November 15, 2012

They may take our lives, but they’ll never take our slightly larger jpgs!

by

I’m going to hell for using an image this small.

Maria Popova, whose blog Brain Pickings is a popular aggregator of internet curiosities, spent some time on a horse of Dali-esque height and absurdity yesterday after her request to use high resolution images of an illustrated book was turned down by Little, Brown.

You may remember Popova from her efforts earlier this year to persuade bloggers to use an obtuse unicode squiggle on their posts rather typing the word “via”, or her ongoing insistence that running an aggregator blog is “curation” and need be taken with the utmost seriousness.
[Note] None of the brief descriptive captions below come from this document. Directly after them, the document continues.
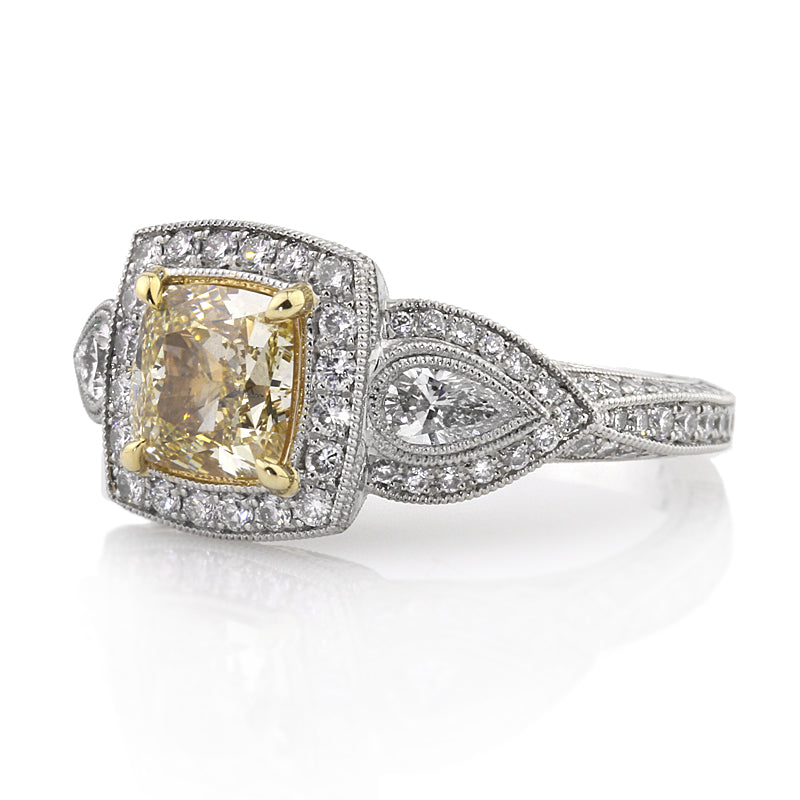 3.09ct Fancy Yellow Cushion Cut Diamond Engagement Ring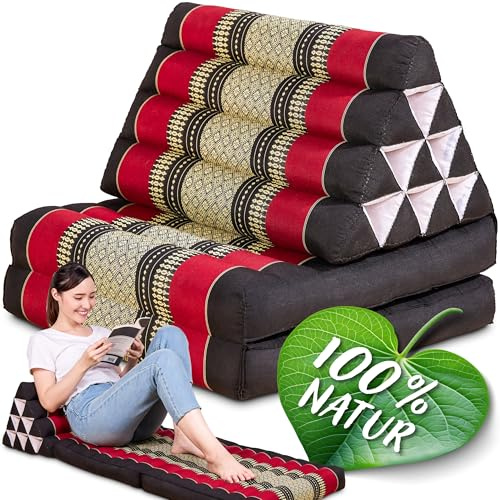 Namasdee Thaikissen 2 Auflagen 120x50x8cm mit 100% natürlicher Kapokfüllung (Schwarz/Rot)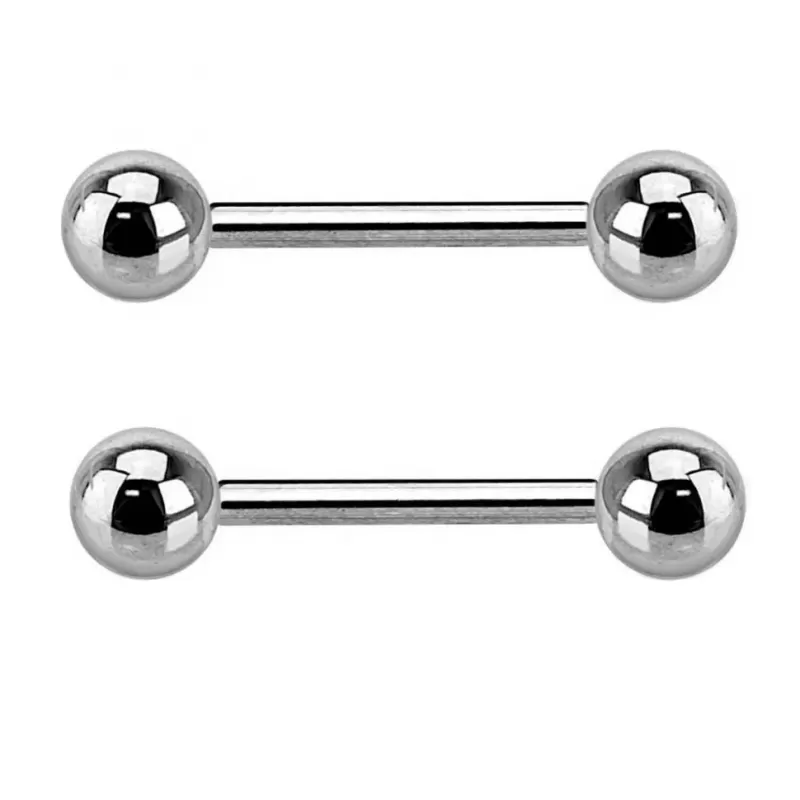 Штанги 2 шт. из стали PiercedFish 2xBS (1.2, 1.6 мм) для пирсинга уха, хеликса, индастриала, языка, брови, сосков (от 6 мм до 50 мм)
The post in question begins normally: Popova’s topic is a book of illustrations of other books on authors’ shelves. The book, by Jane Mount, looks cute, and the authors’ musings about their shelves, also quoted extensively, are interesting enough. If anything is striking about the post it is that Popova seems to be putting nearly the entire book online. She posts photos of fifteen pages with accompanying text. For a book whose content is exactly and only more of those illustrations and text, that would seem to be excessive.

The real kicker though is at the bottom, in a hilarious postscript. It seems that when Popova wrote to ask permission to use high resolution photos (or perhaps to ask for the photos themselves — that aspect of the story is a bit unclear) an unnamed publicist at Little Brown limited her to three photos at higher resolution, or offered to put her in touch with the publisher’s licensing department.

Popova, needless to say, is not amused.

It would’ve been easy to indulge the instinct to roll my eyes at this laughable anachronism, shrug off the publisher’s voluntary self-deportation from relevance, and refuse to feature the book in righteous indignation.

I’d thought we were all clear by now: there is no instance in which you can use the word “righteous” about yourself without every reader immediately understanding that the word “self-righteous” would be more apt.

Moving along:

Instead, I choose to write about the book, but also refuse to perpetuate this hideous underbelly of the old-world publishing pantheon by virtue of tacit silence.

I’m laughing so hard even as I type this. Maria Popova is here to fight the good fight. That’s right, she’ll talk about the book, she’ll post all of these photos at a meager 600 pixels wide, but don’t expect her to do so quietly.

Maria Popova is a Luther for the internet age, taking her stand against the iniquities of only letting people post things your grandma might have to squint at a bit to read. I’m trying to be ridiculous here but she’s much better at it. I hope somebody in the Hachette licensing department gets “Hideous Underbelly” printed on their business cards tomorrow. And there’s so much more.

But it is a sign of great insecurity in the value proposition of your product when you have to place artificial barriers between it and its core user.

That is some singularly risible business jargon she’s using there. My entire job is to talk about selling books. Mine is basically the crassest position in the business. And even I don’t talk about readers as “core users.”

[Publishing] lives in an antiquated paradigm that serves neither authors nor their readers but is instead unapologetic about serving solely the publishers’ commercial interests.

It sounds as if she’s just jealous that she’s not been invited to some of our wonderful cash-swimming parties. You see, the trick is to hire starving authors to ball up the bills that rightfully belong to them, have them dump them into one of the olympic pools in the basements of every publishing office, and then laze around in them, laughing and taunting the authors we loathe so much. It really is a good time. If you were a nefarious publisher like me I’d ask you along.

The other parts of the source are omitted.